This is a quote from the Swedish prime minister Olof Palme, from a debate in parliament in 1975/76:
“The conservatives and the people’s party want to give the courts a political role. That is foreign to our system. We do not want judges and civil servants to be the wardens of the people’s elected representatives. The people has a right to decide in its own house. There is an old popular tradition in this area that is very strong. In this matter of principle we and the centre party have the same view. I think that this honours the centre party. It is rather typical that the two parties that have a deeper and more immediate connection with the popular movements have this attitude. It is not, so to speak, a civil servant and court Sweden that we want. It was against this that the popular movements – both the labor movement and the peasant movement – once upon a time rebelled.”
What this illustrates is that the social democratic party in Sweden and the centre party have been against independet courts that can check decisions by parliament.
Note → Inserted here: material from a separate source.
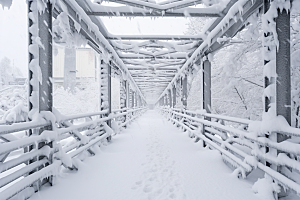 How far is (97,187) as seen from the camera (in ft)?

It also illustrates a rethoric about the courts as representatives of an older conservative oligarchy, rather than as independent upholders of the law.
The irony of this is that by rejecting judicial review, Olof Palme and the centre party defended the principles of the old oligarchic system. In this regard the argument is facetious. The reason that Olof Palme rejected judicial review was that he wanted a state where politicians and civil servants continued to be unassailable and the courts continued to support the powers that be.
In terms of political culture this illustrates two things. Both that the Swedish tradition has been oligarchic and the courts political, and that this aspect of political culture continued – at least until the 1970s – despite the advent of mass democracy in the 1920s.
Footnote: Judicial review developed in practice in Sweden between the 1930s and 1960s, but was very limited. It was regulated for the first time in the Swedish instrument of government in 1979. However, it was then curtailed to the point of becoming inconsequential. In 2011 it was strengthened, but the results of this new regulation is unclear; because the wording is unclear, because the change is recent and because tradition is expected to be strong.